Do jovem esquecido no meio de tanto polimento. 
A goma em excesso dilacerou qualquer pertencimento que poderia existir entre nós. 
Não te reconheci.
Ficou difícil perceber qualquer contribuição que eu pudesse realizar em sua vida, hoje.
Quer saber? 
Te fitar como sempre eu fiz, te inquietou profundamente. Quando percebi, já estava olhando para o relógio. 
Novamente inquieto!
Sem paradeiro! 
Esperando que eu dissesse por onde ir. 
Como chegar. 
O que pensar.
Quando percebeu inquietou o fato de não saber como pude permanecer intacta em mim mesma a observar sua inquietude.
Abraços,
Juliana Ferreira

segunda-feira, 29 de fevereiro de 2016

Ando sem paciência

Ando sem paciência...

Sem paciência para quem diz que está com saudade, mas não move um músculo do corpo para sanar essa saudade.

Sem paciência para quem vive escrevendo saudade.

Sem paciência pra quem nos ama nas fotos de eventos que já aconteceram

Sem paciência pra quem vive rindo de frases que dissemos no passado. O sarcasmo mudou. Nós também.

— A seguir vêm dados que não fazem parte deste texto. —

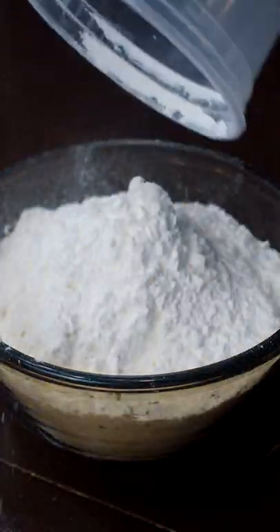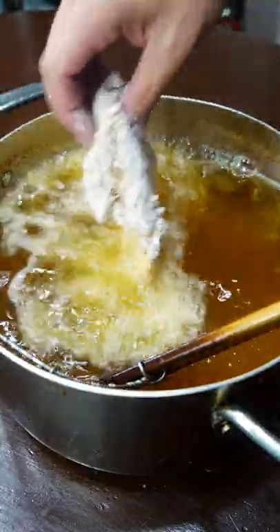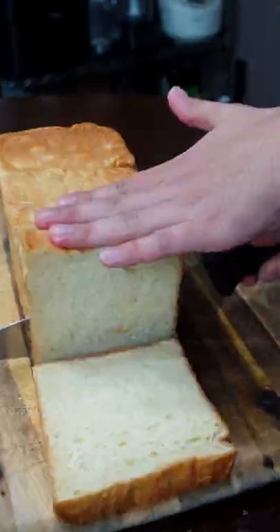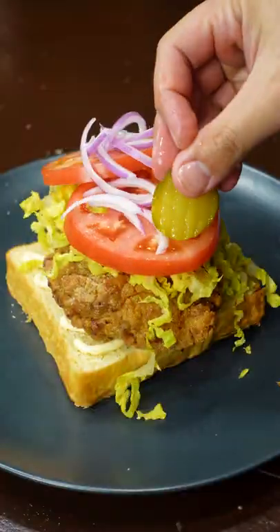Flour, cornstarch, a little magic in there. Boneless chicken thighs. 300 degrees for like five minutes. Let this chill for like 20 minutes. Then fry at 325 for like three minutes. Let's go.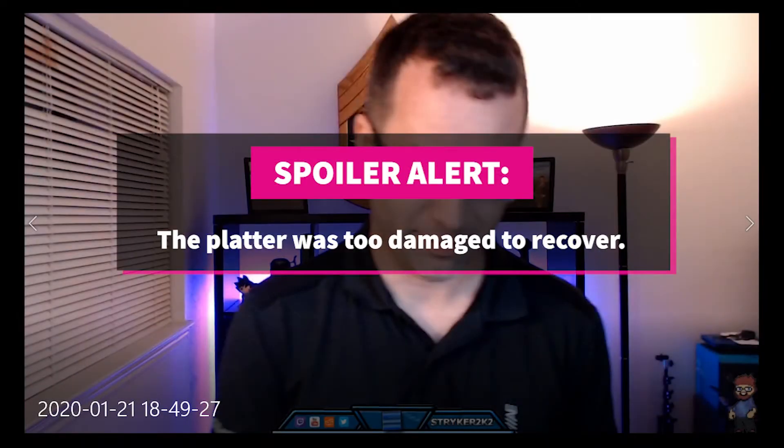Hey, y'all. So the intro said it all — we're going to do a hard drive replacement, and the chances are we just might break some stuff. And I had no idea how right I was.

Sem paciência para aqueles que nos imaginam. Nos consomem. Nos esgotam.

Sem paciência para caminhar lado a lado com essas pessoas.

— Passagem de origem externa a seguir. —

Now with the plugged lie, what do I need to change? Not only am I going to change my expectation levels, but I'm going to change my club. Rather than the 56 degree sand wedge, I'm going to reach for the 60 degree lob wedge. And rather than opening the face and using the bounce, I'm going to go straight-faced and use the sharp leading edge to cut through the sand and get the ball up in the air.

Sem paciência para conviver com quem nos seleciona a partir do que não somos mais e nem queremos ser.

Sem paciência para aqueles que não percebem que a VIDA é uma continua evolução.

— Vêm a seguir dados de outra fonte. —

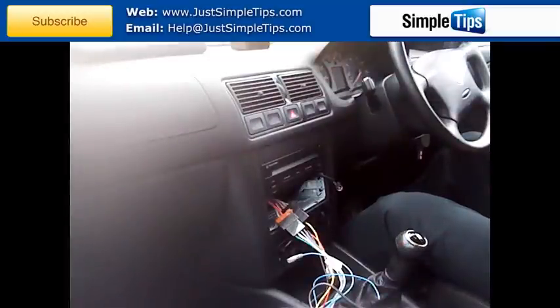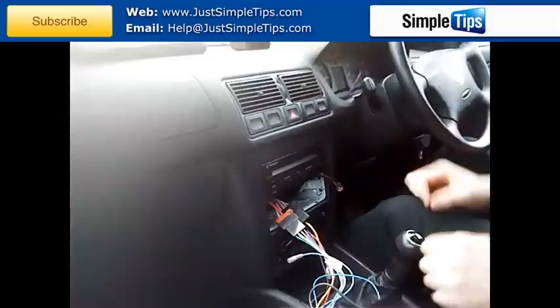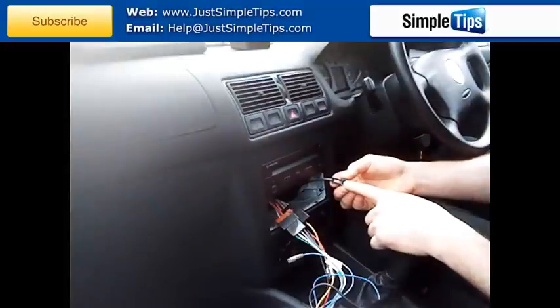An additional note for the Volkswagen Golf Mark IV — this will also apply to pretty much all Volkswagens from about 2000, and most Audis from 2000 as well. A lot of these vehicles will have an amplified aerial. The piece that turns the amplifier on is built into the original factory stereo and sends a 12-volt signal through the aerial cable.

É o que nos permite ir para frente.
É o gozo que ainda não tivemos.
É a risada que ainda não aprendemos.
É o olhar que nos encoraja.
É o respiro que nos mantém vivos.

Aos mortos deixo meus pêsames. Já enterrados aos sete palmos devem permitir aos VIVOS, viverem.

Abraços,

JF

sexta-feira, 12 de fevereiro de 2016

Mudança

Não me diga como eu era...
Nem eu mesma sei no que me transformei em nome do mal comum.
Poucos longos anos paralisada na inércia alheia.
Olho
Reencontro
Ouço
Observo profundamente
E concluo: não mudaram em nada.
Não buscaram melhorar em nada.
Fito, no hoje, as mesmas expressões de anos atrás.
O descuido com o corpo
O descuido com a vida
Angústia sentida no eterno déjà vu
Não consigo corresponder aos seus desejos...
Minha paixão pela VIDA me impulsiona.
Pulsa
Escolhi seguir o Coelho... ;)
JF

quinta-feira, 11 de fevereiro de 2016

Quem ama cuida!

Quando a gente ama prefiro acreditar que...
A gente se beija com os olhos
Se beija com o corpo todo
Não estou falando desses beijos mirabolantes que andam na moda
Mas sim, daquele mistério que seduz, corteja, desabrocha, emana mas também emudece
Podemos ficar horas falando
Podemos ficar minutos em silêncio
E nesse processo também vamos nos conhecendo
A gente se saborea pelo olhar, pela respiração, pelo toque leve da pele, pelas meias verdades ditas ou não ditas, pela mordida no canto da boca quando contrariado e até com a necessidade de permanecer no controle, mesmo quando esse não mais existi...
No afago feito nos seus cabelos
Nas palavras de carinho ditas
Tudo em constante harmonia nem que seja por duas horas!
Como colocar na gaveta "A", "B" ou "C" aquilo que temos de mais livre?